И потом – текст молитвы. Его Амарель помнил наизусть, хотя сомневался, что станет проводить подобный ритуал. Ему пришлось бы найти где-то жертву, а он не хотел лишних жертвоприношений, когда воля богини и так ясна.
Ясна ли? Амарель поставил точку, отложил перо и тяжело задумался. Сколько бы он ни освежал свою память отрывками из священных текстов, прежний восторг перед Кальфандрой не возвращался. Амарель пробовал петь гимны, но голос его звучал удручающе фальшиво уже на второй строке. И тоска наступала – хоть плачь, но плакать Амарель тоже не мог.
Нельзя было сказать, что с ним обращались плохо. Убогая комнатушка и одиночество – вот и всё наказание. Убивать Амареля пока никто не спешил, а о прошлом он старался вспоминать как можно реже. Но покоя всё равно не знал.
Амарель вздохнул и собрался писать дальше, но тут что-то с шелестом приземлилось ему на голову. А потом соскользнуло на колени. Амарель раскрыл рот и уставился на замызганный клочок такого же пергамента, как тот, из которого был сделан свиток.
Из окошка, что ли, прилетело? На этом клочке чернели буквы, написанные неровным, прыгающим почерком на бей-ялинском языке.
– Двурогие духи! – пробормотал Амарель, схватив послание и жадным взглядом разбирая строчки.
«Вечером. За башней. Постарайся быть там».
Амарель скомкал послание в кулаке и какое-то время собирался с мыслями. Его хотели спасти? Или убить? Вторую мысль Амарель мгновенно отбросил. Не может Несравненная с ним так поступить! Затем Амарель снова разгладил клочок пергамента, повертел так и сяк, но больше там ничего написано не было.
Да и то, что было… начало исчезать. Амарель расширившимися глазами смотрел, как чернила выцветали, а пергамент с одного краю занялся пламенем. Словно его поднесли к свече. Очень скоро от письма осталась кучка пепла, которую Амарель, опомнившись, стряхнул на пол.
Значит, вечером.

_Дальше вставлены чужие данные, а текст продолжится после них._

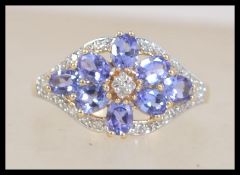 A hallmarked 14ct gold amethyst and diamond cluster ring. Hallmarked Birmingham. Size P.5. Weight 3.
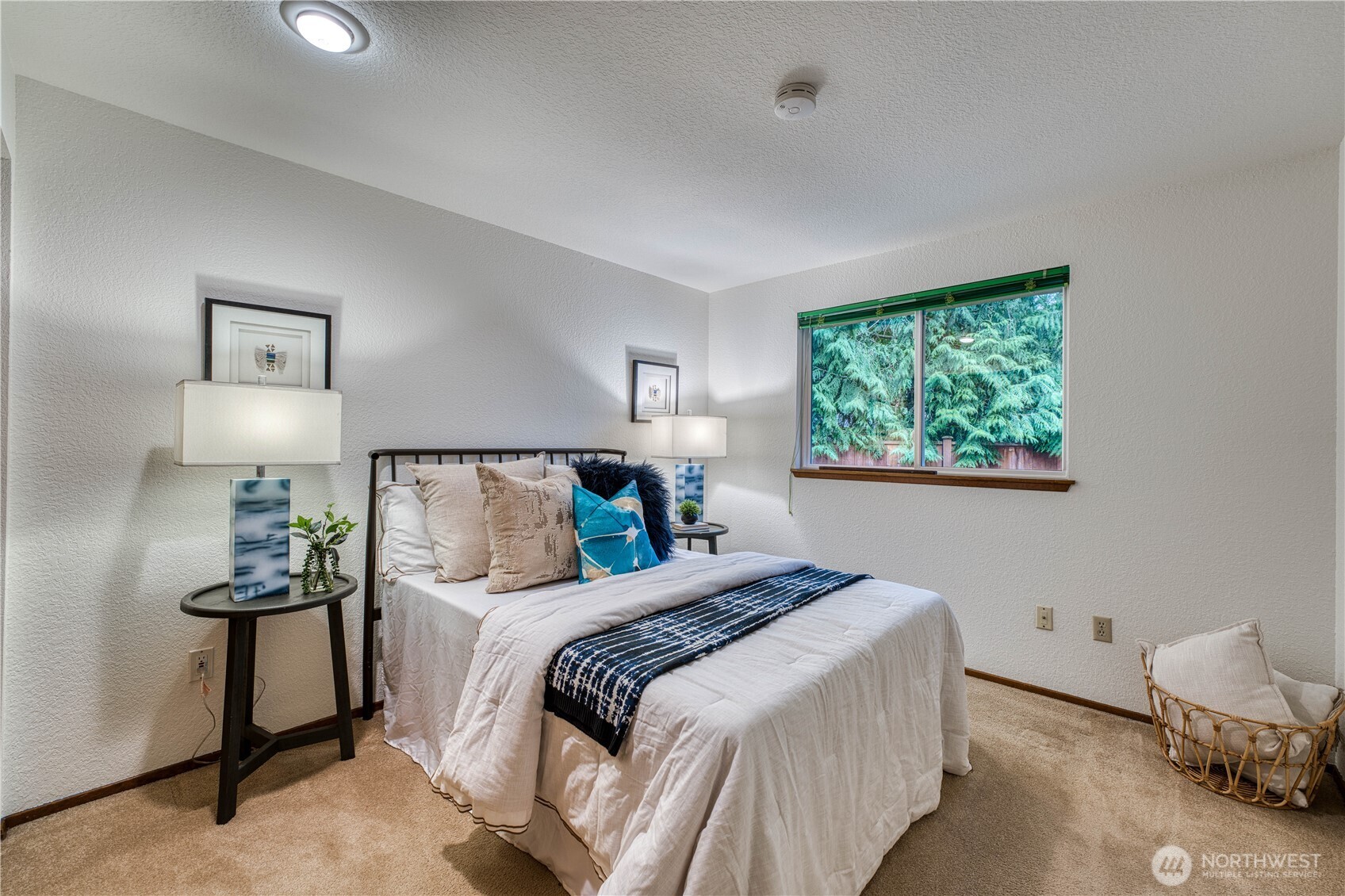 23823 90th Place West Edmonds, WA 98026 - Photo 32 of 40 a bedroom with a bed and a lamp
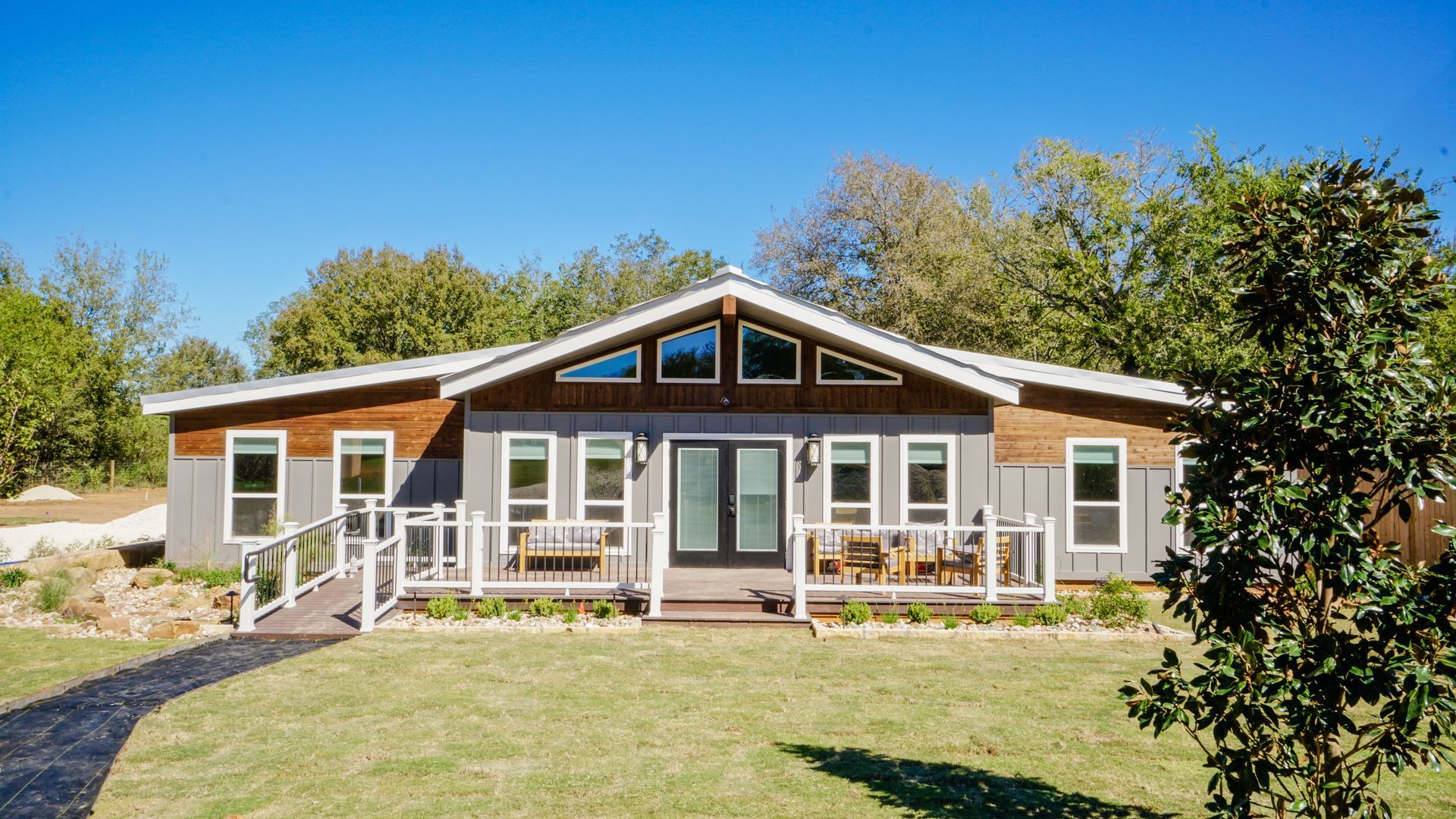 Gray house with wood accents, large windows, and a front porch on a sunny day.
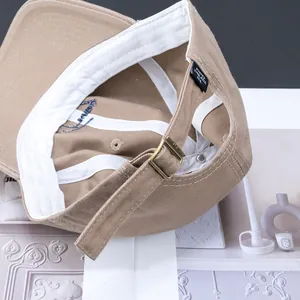 Khaki cotton baseball cap with adjustable metal buckle and soft crown embroidery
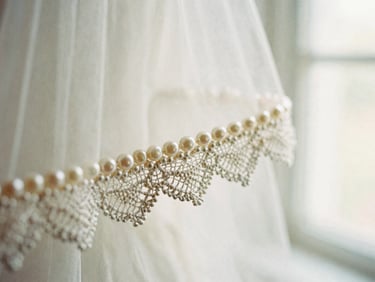 Romantic editorial photography, soft diffused window light, extreme macro close-up of hand-sewn pearls and delicate lace trim on a bridal veil, muted cream and dusty rose tones, shallow depth of field, 35mm film.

Амарель схватил исписанный свиток и засунул к себе за пазуху. Внутри всё дрожало от нетерпения.
Когда Гэстед принёс обед, Амарель был так взволнован, что не сумел съесть ни куска. А между тем, впервые за эту неделю в тарелке лежало мясо. С тушёной капустой. Амарель с сожалением поковырялся в тарелке, изобразив, что немного поел, а потом… начал звать стражу и уверять, что ему стало плохо.
– Нельзя тебе выходить, не велено, – буркнул Гэстед, волоча Амареля за собой. Тот изо всех сил притворялся, что у него разболелся живот. – Совсем ненадолго, понял? Чтоб за тобой комнату не убирать!
Внизу сидели люди Гиадо ди Гунья, пили скверное, судя по шуткам, вино и вяло играли в карты.
– Вы двое, пойдёте со мной! – услышал Амарель приказ Гэстеда, но оглядываться не стал. Сзади раздались топот и ругательства по-гафарсийски, отчего Амарель едва не улыбнулся, но тут же спохватился, что должен страдать, стонать и сгибаться в три погибели.
Позади башни Амарель доковылял до одного из пеньков, расчистил снег и неловко присел боком. Держась за живот, Амарель покосился на сопровождающих – Гэстед хмурился, гафарсийцы прислонились к потемневшей от времени стене, и один из них сплюнул в снег.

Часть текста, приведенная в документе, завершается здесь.